Introduction
ERA5 is a climate reanalysis dataset produced by the European Centre for Medium-Range Weather Forecasts (ECMWF). It provides a comprehensive and consistent record of the Earth's climate system, including variables like temperature, wind, humidity, pressure, and many others. ERA5 combines observations from various sources, such as satellites, ground-based weather stations, and ocean buoys, with advanced numerical models to generate a detailed representation of the atmosphere, ocean, land, and sea ice.
ERA5 is often used for weather and climate analysis, weather forecasting, and climate research. It is considered one of the most advanced and accurate reanalysis datasets available.
NCI's ERA5 datasets are accessible but require direct accesss to NCI to analyse the data (through project rt52) and use our intake-esm indexes (through project dk92). To simplify the process of searching and loading ERA5 datasets for quick analysis and visualization, you can utilize the ERA5 catalog file provided by our NCI intake-esm package.
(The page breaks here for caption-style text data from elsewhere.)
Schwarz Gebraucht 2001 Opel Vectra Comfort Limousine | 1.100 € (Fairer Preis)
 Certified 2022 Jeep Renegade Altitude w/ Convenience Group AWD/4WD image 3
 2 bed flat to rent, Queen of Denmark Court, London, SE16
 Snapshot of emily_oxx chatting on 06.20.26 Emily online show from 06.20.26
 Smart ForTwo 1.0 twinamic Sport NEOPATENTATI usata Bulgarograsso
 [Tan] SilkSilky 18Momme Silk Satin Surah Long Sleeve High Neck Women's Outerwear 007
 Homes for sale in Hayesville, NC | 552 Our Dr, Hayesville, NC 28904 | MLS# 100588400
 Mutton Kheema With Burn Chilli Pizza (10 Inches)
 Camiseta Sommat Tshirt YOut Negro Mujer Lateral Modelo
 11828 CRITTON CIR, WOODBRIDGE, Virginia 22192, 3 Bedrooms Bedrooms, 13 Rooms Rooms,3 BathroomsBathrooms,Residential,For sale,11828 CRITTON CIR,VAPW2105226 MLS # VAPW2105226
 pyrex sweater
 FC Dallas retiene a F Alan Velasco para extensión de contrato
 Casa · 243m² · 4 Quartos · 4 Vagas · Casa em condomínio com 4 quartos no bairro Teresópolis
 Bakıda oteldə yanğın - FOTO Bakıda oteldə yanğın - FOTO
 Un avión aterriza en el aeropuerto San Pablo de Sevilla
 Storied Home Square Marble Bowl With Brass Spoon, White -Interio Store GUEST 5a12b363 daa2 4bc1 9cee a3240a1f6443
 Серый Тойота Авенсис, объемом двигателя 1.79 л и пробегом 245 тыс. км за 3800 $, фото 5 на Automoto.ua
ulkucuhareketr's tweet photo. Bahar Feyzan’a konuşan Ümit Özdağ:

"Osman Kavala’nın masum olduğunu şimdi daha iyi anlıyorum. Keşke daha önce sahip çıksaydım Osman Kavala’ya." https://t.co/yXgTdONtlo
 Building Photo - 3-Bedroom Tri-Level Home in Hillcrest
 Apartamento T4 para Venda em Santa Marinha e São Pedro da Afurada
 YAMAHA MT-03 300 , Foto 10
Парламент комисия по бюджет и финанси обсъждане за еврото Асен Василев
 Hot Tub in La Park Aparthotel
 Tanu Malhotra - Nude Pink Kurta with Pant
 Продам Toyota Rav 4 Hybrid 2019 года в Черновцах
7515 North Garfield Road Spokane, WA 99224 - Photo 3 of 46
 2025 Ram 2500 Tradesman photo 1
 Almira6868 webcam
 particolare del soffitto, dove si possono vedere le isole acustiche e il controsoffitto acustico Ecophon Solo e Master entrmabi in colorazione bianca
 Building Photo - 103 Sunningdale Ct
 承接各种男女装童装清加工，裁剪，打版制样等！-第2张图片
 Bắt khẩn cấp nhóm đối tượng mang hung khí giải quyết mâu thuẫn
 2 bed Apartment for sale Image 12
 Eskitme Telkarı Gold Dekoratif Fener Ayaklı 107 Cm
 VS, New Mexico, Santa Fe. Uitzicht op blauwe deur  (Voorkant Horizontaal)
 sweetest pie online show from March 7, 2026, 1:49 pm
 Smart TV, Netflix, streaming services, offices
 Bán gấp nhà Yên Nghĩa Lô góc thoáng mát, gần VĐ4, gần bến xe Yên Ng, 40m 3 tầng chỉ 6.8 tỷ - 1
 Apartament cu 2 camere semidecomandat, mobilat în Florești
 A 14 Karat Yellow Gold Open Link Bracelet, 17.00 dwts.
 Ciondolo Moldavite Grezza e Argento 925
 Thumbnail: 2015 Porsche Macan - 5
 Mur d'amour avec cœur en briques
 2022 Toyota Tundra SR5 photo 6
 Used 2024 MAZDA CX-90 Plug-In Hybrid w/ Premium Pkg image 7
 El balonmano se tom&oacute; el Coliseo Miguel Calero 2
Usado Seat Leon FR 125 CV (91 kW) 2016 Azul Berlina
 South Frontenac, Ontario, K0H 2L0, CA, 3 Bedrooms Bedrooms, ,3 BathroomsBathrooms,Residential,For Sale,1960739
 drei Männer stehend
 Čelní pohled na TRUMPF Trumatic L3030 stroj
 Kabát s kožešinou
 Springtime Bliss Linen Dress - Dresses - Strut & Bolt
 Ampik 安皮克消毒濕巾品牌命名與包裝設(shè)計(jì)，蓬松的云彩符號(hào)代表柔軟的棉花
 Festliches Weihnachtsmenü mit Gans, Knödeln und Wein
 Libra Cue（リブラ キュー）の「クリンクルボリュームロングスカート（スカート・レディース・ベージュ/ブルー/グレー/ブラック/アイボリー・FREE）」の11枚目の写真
You must have connected to project dk92 to access NCI intake-esm catalog files under /g/data/dk92/catalog/v2/esm.
You must have connected to project rt52 to load the ERA5 dataset itself.
Operations
You can conduct the following operations via NCI ARE JupyterLab session or in a python script.
Opening Catalog Files
First of all, you need to open a catalog file via the intake open_esm_datastore method.
import intake data_catalog = intake.open_esm_datastore("/g/data/dk92/catalog/v2/esm/era5-rt52/catalog.json")
It contain several catalog fields as listed below.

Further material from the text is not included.